Some days in Gagetown training area playing OPFOR can be pretty cold on the skidoos... just saying.


----------



## Fishbone Jones (14 Mar 2012)

I had my OD parka and bib pants replaced for CADPAT ones in 2003, they are both still in the plastic. I haven't been north since 1976.


----------



## armyvern (14 Mar 2012)

PuckChaser said:
			
		

> I have them both and actually replaced my green ones with CADPAT ones a few years back, no questions asked.
> 
> If people aren't getting them now, its probably because they ordered about 20,000 too few and don't have enough for everyone in the Army to get them.



No. It's because we canned the outstanding quantities on them from the contract and put that saved money into purchasing more of the jackets and windpants quicker.

We did that when it became obvious (such as at Gagetown) when we did the bulk exchanges that 90% of the originally issued olive drab gortex overalls and parkas were being returned by the troops years later still in their original sealed plastic bags. Why spend money on shit that the vast majority of troops (including certain operational units at Gagetown whom I supervised the exchange for) were not using?
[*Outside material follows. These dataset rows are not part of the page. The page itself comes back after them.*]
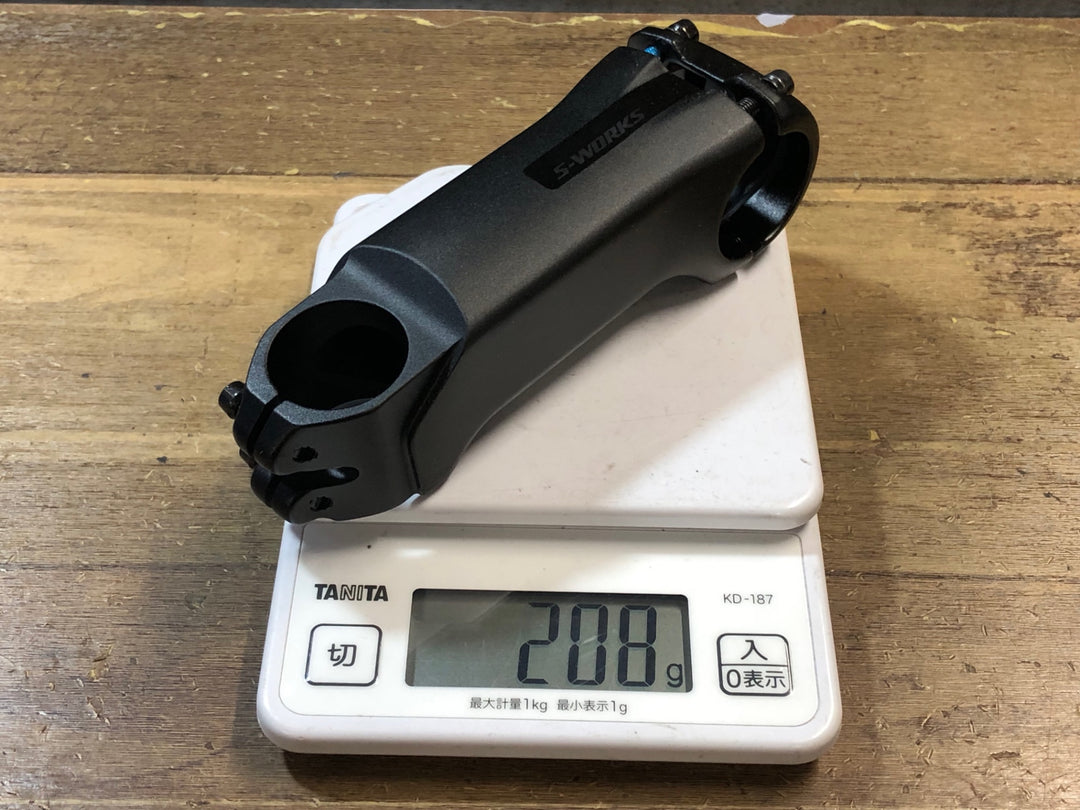 IR456 スペシャライズド SPECIALIZED S-WORKS VENGE STEM アルミ ステム OS Φ31.8mm 110mm ±6°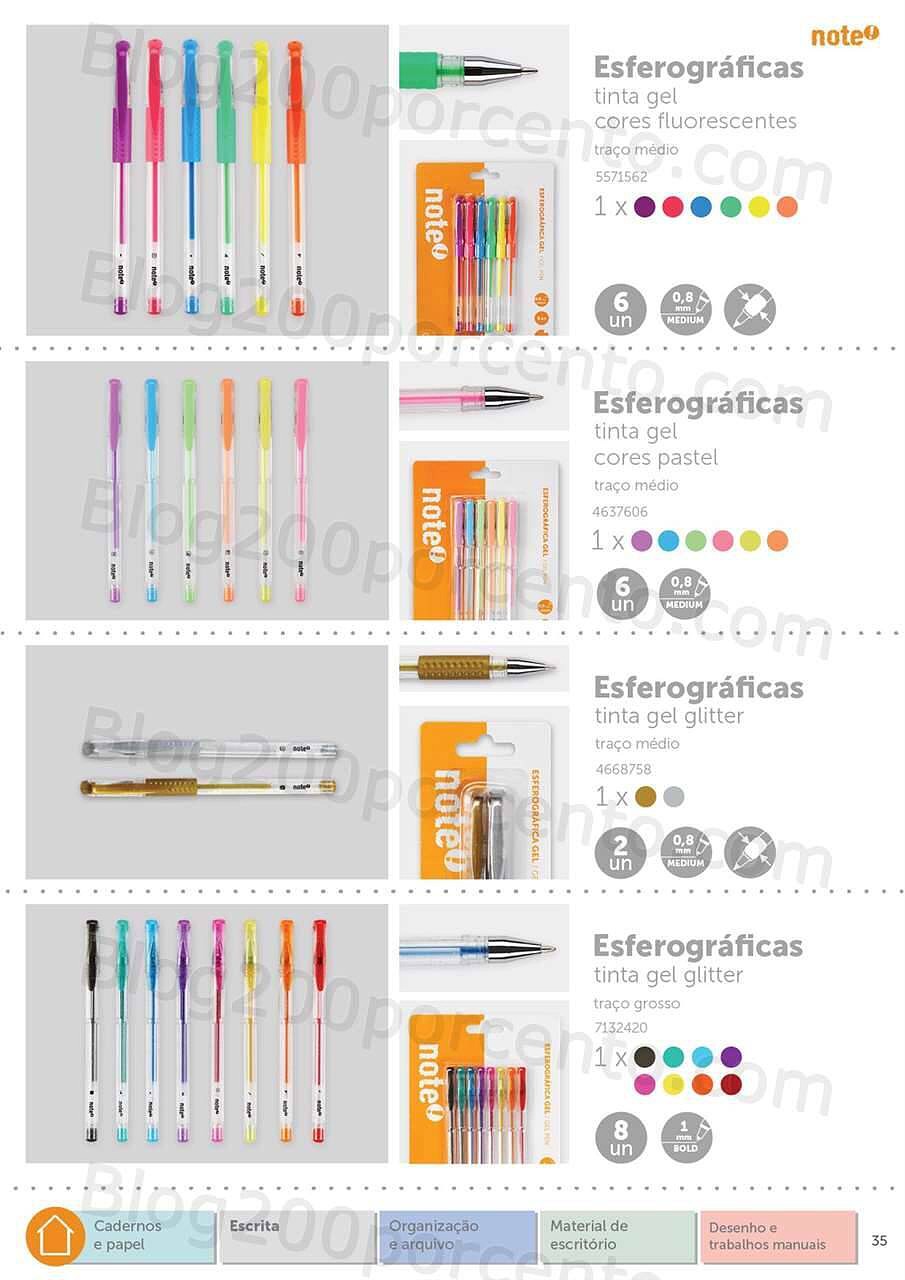Antevisão Folheto NOTE Regresso às Aulas - Papelaria 2022-2023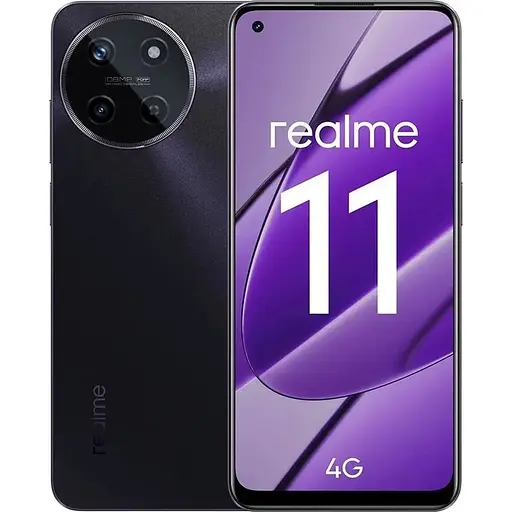 Смартфон Realme 11 8/256GB NFC Black Global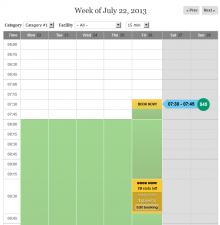 Booking Time Slots 7.x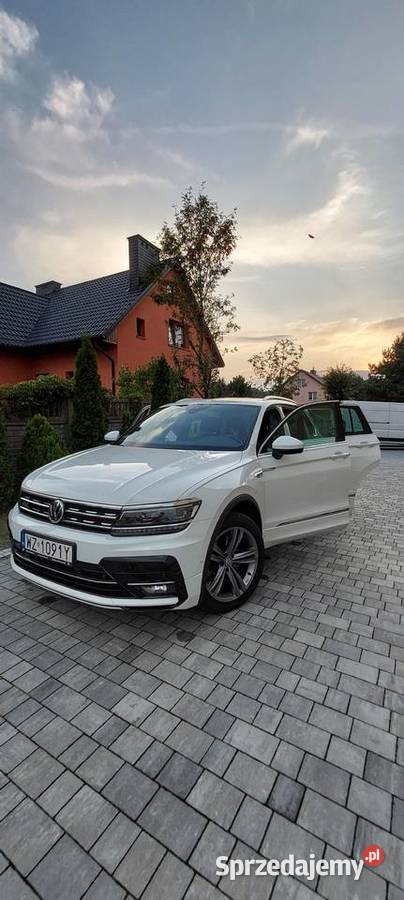Volkswagen Tiguan RLine 2019r 190 diesel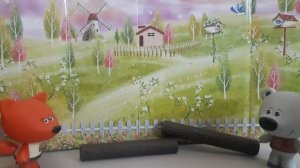 Ми ми мишки надо мыть руки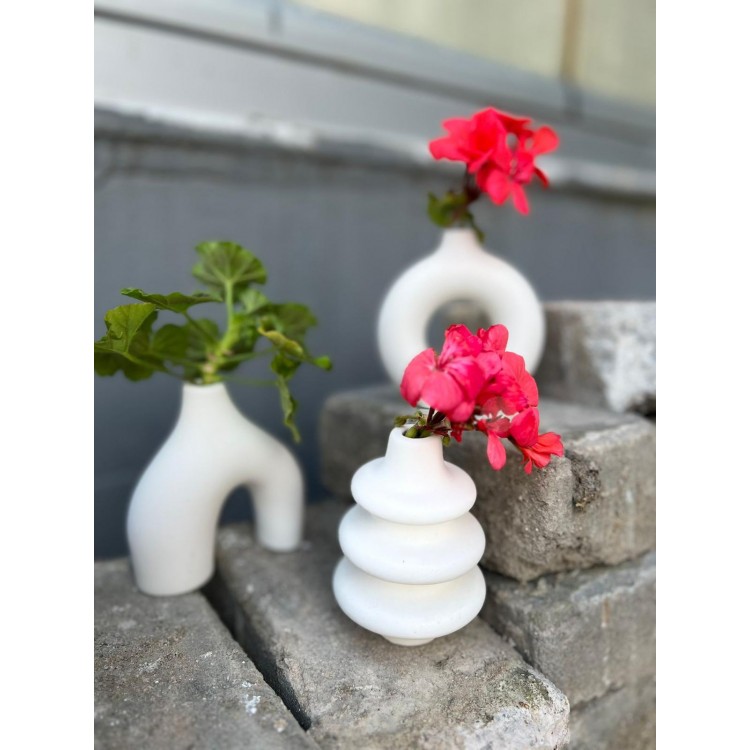 Round Vase Silicone Mold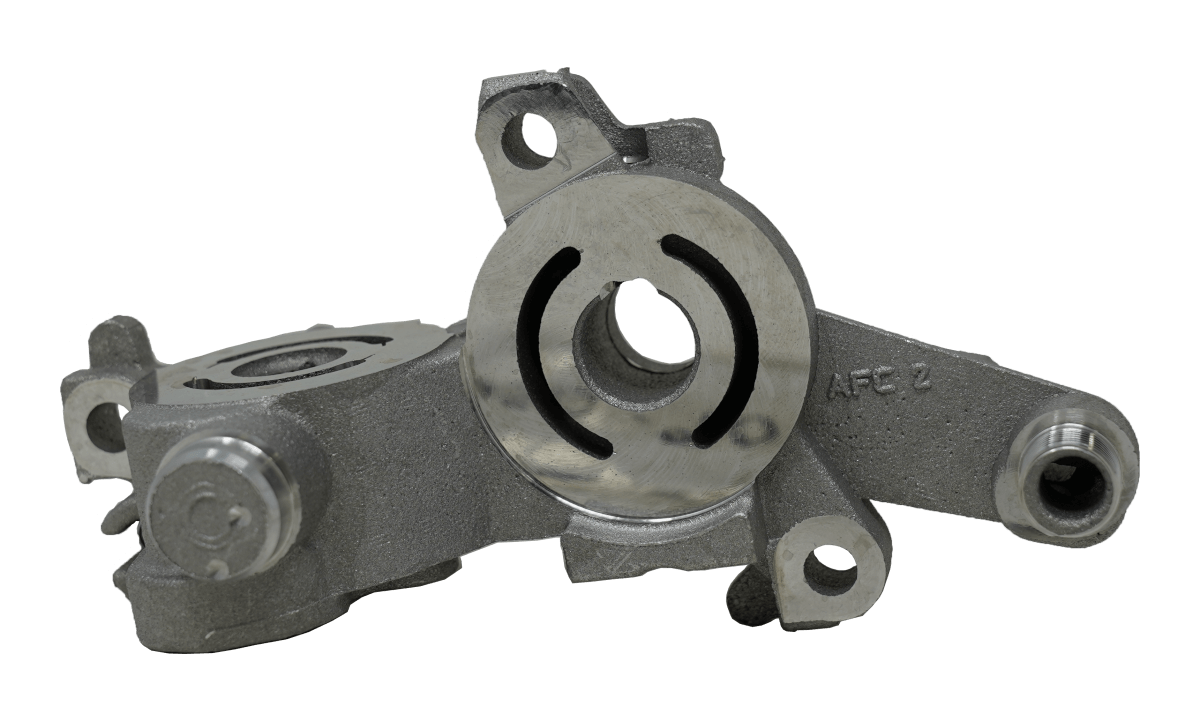 Center Section Pump Block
Instead, the funds went to getting jackets and windpants in quicker so that the troops at the end of the issue project wouldn't be waiting years to receive their stuff (they'd probably still be waiting! Not quite, but I'm sure you get my point). They go to pers posted into field operational units.

I know that I have posted that on this site before; probably in one of the other umpteen million cadpat threads.


----------



## fraserdw (14 Mar 2012)

6 months ago my WO got out and he got to keep his OD Parka and Bibs because they are issuing new CADPAT ones to troops.  This month I turned in my winter gear as I am getting out next year and ....guess what....... they are collecting the OD stuff back as they are short CADPAT issue.  Funny how a few budget squeezes make such a great difference.


----------



## armyvern (14 Mar 2012)

fraserdw said:
			
		

> 6 months ago my WO got out and he got to keep his OD Parka and Bibs because they are issuing new CADPAT ones to troops.  This month I turned in my winter gear as I am getting out next year and ....guess what....... they are collecting the OD stuff back as they are short CADPAT issue.  Funny how a few budget squeezes make such a great difference.



Guess what?? As his was OD *gortex*, he should have been required to turn his in too. That sup tech fucked up - big time. Please do not tell me your location; it wouldn't be nice in the end.

It's got nothing to do with shortfalls. ALL gortex, of whatever generation, is supposed to be returned. OD stuff can be used by cadets, rangers etc - not just by us. 

I detest suppies that ignore rules because they don't get the big picture down there on the clothing counter with their, "Oh well, we don't use this stuff anymore, so we don't need it." That's NOT the way it works - it can be, and usually is, redistributed to further users after us.



Aggghhhh: Edit to add: I see you are in Gagnam; I shall be facebooking a certain person there this evening. I am quite certain he will not be amused to hear the latest and will correct said issue within one of his sections - if only for the sake of the sup tech who's fucking up (less their butt end up charged for not obeying the regulations pertaining to gortex return).


----------